The expected answer is the set of lines in the data below between the line holding "Pour your batter" and the line holding "Assemble the required", inclusive, written out exactly.

_EXTRACTED RECORDS:_
*** Begin section ***

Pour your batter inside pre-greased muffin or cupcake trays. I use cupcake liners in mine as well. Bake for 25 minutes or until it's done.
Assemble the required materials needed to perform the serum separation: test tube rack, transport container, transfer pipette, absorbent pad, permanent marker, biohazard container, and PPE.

*** End section ***
*** Begin section ***

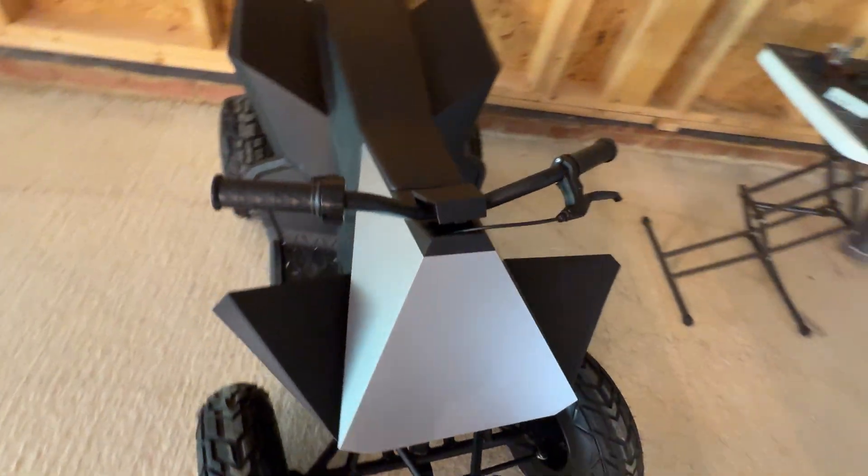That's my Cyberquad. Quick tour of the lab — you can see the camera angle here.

*** End section ***

_ANSWER TO THE EXERCISE:_
Pour your batter inside pre-greased muffin or cupcake trays. I use cupcake liners in mine as well. Bake for 25 minutes or until it's done.
Assemble the required materials needed to perform the serum separation: test tube rack, transport container, transfer pipette, absorbent pad, permanent marker, biohazard container, and PPE.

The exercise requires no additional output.